In the property world, authorised push payment fraud really hurts customers and solicitors will know only too well that the threat of emails being hacked and accounts hijacked is an increasing worry.
Many firms now include default warnings within the bodies of their emails in an attempt to protect customers from changing bank details when they transfer house purchase deposits, stamp duty and legal fees at completion.
It is better than nothing but it remains woefully inadequate as a preventative measure in the fight against fraud of this type – email hacks are notoriously easy and far too few firms have the level of cyber security in place to provide 100% peace of mind to customers and lenders.
Voluntary code
Earlier this year, significant progress was made to protect customers falling foul of these scams.
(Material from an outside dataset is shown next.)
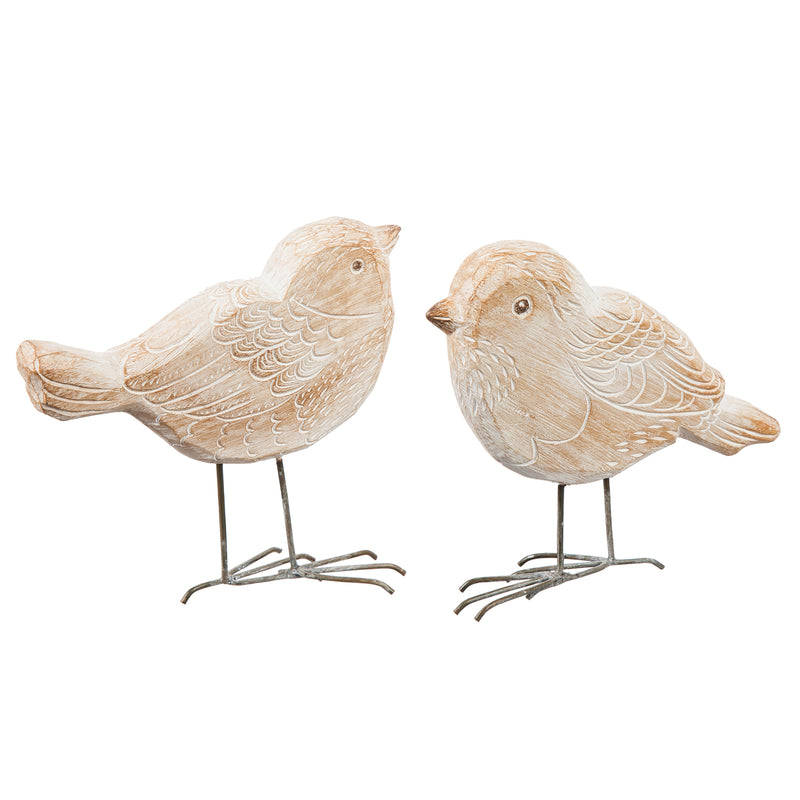 Resin Bird Table Décor, 2 Asst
Following collaboration between the industry, consumer groups and the regulator, a new authorised push payment scams voluntary code was published and implemented from May.
While many lenders have committed to repaying customers who lose money to authorised push payment fraud, consumer group Which? recently highlighted that around half of the UK’s banks and building societies had still not signed up to the code by the end of August, presumably at least partly driven by the commercial implications of agreeing to reimburse monies lost to scammers which is almost impossible to trace once it has moved through enough accounts and out of the purview of British and European regulators.
The cost of property fraud is significant. According to a freedom of information request submitted by ABC Finance to the Land Registry, there have been 678 claims for property fraud over the past 14 years.
The total pay-out across England and Wales has been £73.3m, with individual claims coming in at an average of £107,669.
Professional indemnity
While not all of these will have been push payment frauds, some will have. It’s likely that these scams will make up an increasing proportion of property related frauds in the future.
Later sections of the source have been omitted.